* Supplied information:
++++

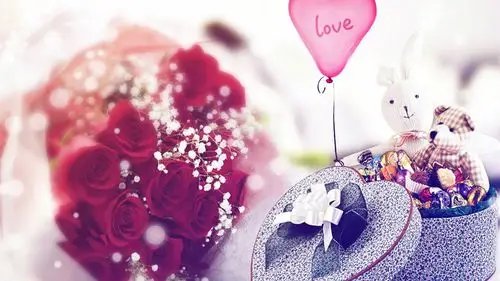 浪漫的love爱心非主流唯美壁纸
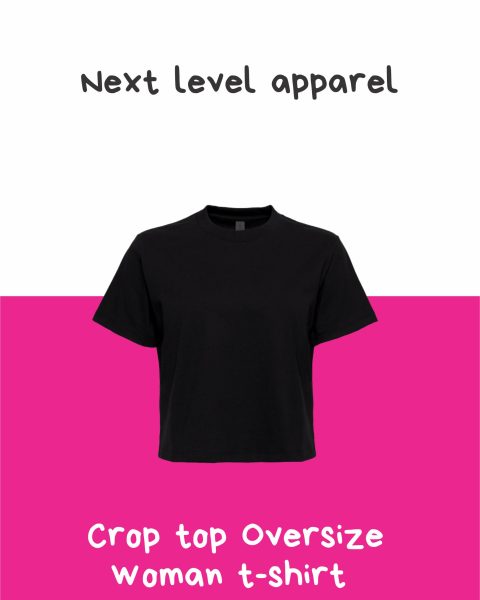 Oversized Γυναικείο T-Shirt next level apparel Boxy Women με εκτύπωση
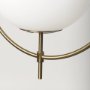 70198 - Farrah Frosted Glass Globe w/ Gold Metal Pendant Light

++++

* Activity: From the line containing "Oversized Γυναικείο T-Shirt" through the final line of the listing, copy every line exactly and nothing else. Skip the pictures.

* Task result:
 Oversized Γυναικείο T-Shirt next level apparel Boxy Women με εκτύπωση
 70198 - Farrah Frosted Glass Globe w/ Gold Metal Pendant Light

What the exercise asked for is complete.